Write out all of the data without omission, exactly as shown.

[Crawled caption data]
--- --- ---
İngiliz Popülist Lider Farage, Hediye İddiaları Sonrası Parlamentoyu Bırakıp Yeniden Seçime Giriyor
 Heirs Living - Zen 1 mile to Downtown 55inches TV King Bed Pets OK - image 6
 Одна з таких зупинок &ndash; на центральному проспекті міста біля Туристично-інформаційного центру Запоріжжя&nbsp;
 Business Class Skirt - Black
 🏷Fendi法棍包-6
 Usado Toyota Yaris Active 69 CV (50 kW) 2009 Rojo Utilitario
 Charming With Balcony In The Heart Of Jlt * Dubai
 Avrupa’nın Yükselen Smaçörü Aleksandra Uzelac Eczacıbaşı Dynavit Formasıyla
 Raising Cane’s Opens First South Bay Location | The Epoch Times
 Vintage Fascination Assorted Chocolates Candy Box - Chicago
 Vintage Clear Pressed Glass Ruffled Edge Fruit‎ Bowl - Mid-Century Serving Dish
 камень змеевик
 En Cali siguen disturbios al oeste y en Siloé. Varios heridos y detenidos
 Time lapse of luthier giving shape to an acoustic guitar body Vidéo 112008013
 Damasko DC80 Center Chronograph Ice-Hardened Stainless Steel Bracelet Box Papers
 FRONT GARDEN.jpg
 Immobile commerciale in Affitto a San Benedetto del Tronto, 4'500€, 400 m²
--- --- ---
RESPONSE TO THIS TASK:
İngiliz Popülist Lider Farage, Hediye İddiaları Sonrası Parlamentoyu Bırakıp Yeniden Seçime Giriyor
 Heirs Living - Zen 1 mile to Downtown 55inches TV King Bed Pets OK - image 6
 Одна з таких зупинок &ndash; на центральному проспекті міста біля Туристично-інформаційного центру Запоріжжя&nbsp;
 Business Class Skirt - Black
 🏷Fendi法棍包-6
 Usado Toyota Yaris Active 69 CV (50 kW) 2009 Rojo Utilitario
 Charming With Balcony In The Heart Of Jlt * Dubai
 Avrupa’nın Yükselen Smaçörü Aleksandra Uzelac Eczacıbaşı Dynavit Formasıyla
 Raising Cane’s Opens First South Bay Location | The Epoch Times
 Vintage Fascination Assorted Chocolates Candy Box - Chicago
 Vintage Clear Pressed Glass Ruffled Edge Fruit‎ Bowl - Mid-Century Serving Dish
 камень змеевик
 En Cali siguen disturbios al oeste y en Siloé. Varios heridos y detenidos
 Time lapse of luthier giving shape to an acoustic guitar body Vidéo 112008013
 Damasko DC80 Center Chronograph Ice-Hardened Stainless Steel Bracelet Box Papers
 FRONT GARDEN.jpg
 Immobile commerciale in Affitto a San Benedetto del Tronto, 4'500€, 400 m²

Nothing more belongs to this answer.